Monday, November 21, 2011
I may or may not have been actually perched on top of the bookshelf with my back pressed against the window so as to achieve the best possible combination of light vs. angle. My neighbors across the way probably think of me fondly as That Crazy Lady Who Does Yoga with Her Camera In the Window.
In any case, I was snapping away thinking about the millions of things that I think about while taking what is essentially a very basic and not all that interesting photograph of squashes. Is this light working? What about the background? I need a new camera strap. Is that stubby one in front too stubby? What if I shoot from above? My hair is annoying. Boy, that stubby one really is...stubby.

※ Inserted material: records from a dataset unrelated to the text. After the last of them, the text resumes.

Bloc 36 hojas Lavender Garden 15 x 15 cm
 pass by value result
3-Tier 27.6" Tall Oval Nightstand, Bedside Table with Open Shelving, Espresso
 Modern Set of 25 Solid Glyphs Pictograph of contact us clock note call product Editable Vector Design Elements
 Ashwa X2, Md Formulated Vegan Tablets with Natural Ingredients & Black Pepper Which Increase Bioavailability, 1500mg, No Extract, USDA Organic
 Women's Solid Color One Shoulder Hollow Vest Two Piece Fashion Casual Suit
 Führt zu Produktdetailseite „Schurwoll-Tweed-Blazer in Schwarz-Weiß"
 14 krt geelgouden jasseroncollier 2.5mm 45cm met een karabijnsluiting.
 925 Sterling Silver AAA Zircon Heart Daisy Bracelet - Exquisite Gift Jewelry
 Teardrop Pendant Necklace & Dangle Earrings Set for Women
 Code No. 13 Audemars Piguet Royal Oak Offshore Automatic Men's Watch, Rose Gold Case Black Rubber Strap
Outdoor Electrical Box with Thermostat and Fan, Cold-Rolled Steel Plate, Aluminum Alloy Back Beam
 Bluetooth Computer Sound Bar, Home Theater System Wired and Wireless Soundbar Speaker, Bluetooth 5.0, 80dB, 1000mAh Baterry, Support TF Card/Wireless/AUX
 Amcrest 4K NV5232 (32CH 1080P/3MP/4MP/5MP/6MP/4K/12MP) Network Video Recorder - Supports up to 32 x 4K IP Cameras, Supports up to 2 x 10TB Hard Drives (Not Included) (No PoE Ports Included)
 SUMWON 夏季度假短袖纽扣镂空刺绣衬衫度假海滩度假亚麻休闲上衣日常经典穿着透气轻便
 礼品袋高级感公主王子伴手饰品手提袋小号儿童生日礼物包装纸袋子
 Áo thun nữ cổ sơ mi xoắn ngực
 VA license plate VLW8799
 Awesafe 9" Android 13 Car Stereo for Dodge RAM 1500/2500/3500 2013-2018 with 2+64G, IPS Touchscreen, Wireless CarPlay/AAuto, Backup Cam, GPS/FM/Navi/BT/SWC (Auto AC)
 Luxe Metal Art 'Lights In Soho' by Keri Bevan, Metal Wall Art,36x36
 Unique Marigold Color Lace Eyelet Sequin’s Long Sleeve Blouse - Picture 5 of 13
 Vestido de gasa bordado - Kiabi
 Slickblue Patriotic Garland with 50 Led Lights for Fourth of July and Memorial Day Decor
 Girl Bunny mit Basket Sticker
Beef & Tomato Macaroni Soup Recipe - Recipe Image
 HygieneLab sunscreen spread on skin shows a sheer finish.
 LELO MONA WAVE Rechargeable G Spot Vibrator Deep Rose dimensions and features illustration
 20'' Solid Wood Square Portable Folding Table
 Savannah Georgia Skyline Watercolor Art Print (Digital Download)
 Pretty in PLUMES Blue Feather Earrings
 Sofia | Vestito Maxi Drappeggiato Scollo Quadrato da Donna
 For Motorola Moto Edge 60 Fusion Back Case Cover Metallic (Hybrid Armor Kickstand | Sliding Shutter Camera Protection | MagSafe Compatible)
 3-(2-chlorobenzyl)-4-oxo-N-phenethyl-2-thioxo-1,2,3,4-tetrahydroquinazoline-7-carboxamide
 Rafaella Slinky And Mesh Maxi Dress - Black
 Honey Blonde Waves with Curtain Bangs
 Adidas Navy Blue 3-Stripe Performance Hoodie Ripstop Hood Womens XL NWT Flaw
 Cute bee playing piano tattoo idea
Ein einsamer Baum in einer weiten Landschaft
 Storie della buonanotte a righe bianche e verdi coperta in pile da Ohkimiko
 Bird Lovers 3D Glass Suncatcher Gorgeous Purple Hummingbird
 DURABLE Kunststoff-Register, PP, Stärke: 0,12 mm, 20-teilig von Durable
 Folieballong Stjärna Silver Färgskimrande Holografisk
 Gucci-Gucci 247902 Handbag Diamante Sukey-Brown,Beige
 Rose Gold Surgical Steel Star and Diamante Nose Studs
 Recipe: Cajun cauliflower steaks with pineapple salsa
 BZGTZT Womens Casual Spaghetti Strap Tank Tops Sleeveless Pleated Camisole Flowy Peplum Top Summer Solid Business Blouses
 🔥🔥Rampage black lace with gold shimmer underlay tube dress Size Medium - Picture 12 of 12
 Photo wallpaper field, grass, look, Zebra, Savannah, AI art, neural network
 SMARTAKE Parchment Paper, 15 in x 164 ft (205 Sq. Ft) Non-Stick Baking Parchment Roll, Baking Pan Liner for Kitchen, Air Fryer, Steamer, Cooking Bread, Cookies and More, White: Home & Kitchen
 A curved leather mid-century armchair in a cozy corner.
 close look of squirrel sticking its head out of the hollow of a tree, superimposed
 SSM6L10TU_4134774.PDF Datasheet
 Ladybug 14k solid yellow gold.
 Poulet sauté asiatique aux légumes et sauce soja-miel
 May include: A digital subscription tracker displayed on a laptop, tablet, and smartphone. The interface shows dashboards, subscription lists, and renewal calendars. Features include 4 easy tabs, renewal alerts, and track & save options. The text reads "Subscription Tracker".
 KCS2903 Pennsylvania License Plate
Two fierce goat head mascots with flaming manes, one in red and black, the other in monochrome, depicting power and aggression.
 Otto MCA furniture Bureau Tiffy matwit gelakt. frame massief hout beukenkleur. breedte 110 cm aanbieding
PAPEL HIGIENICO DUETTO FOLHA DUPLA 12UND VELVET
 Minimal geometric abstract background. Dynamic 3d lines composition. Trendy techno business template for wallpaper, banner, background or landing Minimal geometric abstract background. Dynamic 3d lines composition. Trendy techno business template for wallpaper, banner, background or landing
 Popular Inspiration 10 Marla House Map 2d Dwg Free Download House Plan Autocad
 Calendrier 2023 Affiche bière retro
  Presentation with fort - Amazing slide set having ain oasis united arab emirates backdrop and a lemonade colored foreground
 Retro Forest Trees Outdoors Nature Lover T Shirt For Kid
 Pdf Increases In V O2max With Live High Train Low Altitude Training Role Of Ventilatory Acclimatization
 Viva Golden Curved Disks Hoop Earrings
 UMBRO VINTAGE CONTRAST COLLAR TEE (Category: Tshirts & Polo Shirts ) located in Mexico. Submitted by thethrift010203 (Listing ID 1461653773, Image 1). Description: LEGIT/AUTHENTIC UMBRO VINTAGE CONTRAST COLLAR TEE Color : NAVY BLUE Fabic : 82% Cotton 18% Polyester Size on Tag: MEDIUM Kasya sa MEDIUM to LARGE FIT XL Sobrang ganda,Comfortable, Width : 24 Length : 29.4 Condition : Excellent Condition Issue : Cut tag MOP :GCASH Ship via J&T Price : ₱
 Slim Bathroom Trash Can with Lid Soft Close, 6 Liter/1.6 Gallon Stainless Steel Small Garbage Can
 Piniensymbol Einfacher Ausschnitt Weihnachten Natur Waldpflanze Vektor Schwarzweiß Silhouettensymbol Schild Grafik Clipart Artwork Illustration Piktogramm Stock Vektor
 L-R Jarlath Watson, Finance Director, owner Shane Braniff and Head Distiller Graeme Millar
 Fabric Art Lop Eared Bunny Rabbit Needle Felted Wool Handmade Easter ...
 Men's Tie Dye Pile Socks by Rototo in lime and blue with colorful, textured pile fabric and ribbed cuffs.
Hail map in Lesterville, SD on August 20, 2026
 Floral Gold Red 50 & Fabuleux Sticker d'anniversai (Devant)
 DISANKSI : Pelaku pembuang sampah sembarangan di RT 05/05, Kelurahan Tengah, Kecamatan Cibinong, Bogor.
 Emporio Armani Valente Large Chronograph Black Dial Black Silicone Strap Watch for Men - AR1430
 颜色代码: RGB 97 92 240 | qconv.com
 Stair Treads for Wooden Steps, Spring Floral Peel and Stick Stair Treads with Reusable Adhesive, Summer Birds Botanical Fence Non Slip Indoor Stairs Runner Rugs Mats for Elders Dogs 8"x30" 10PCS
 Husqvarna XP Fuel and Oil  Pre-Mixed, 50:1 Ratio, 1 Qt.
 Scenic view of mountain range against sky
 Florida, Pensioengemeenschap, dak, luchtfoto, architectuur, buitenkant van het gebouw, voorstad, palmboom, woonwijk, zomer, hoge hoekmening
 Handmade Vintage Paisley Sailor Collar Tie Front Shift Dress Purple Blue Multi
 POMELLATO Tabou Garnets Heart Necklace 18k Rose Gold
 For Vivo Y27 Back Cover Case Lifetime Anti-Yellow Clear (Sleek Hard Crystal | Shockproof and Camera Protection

In the middle of this, I look down at my camera preview window and see this:
And then I realized that in the course of moving about, snapping shots, I had accidentally nudged my camera dial from "Aperture Priority" to "Manual." Which meant that the camera was no longer helping me out by calculating the ideal shutter speed for each shot. Which meant that my shots went from full of sunlight to smoky darkness.
Immediate relief on the non-brokenness of my camera. And hot on its heels, intense curiosity.
I am totally and without question an amateur photographer. One of the unexpected developments of starting along this career of food writing has been a steadily growing side-passion for photography. When I was first hired at The Kitchn, my manager admitted to me that photography was definitely...shall we say...honestly...not my strong point. She was very kind when she said this and I was not at all offended because she was totally right.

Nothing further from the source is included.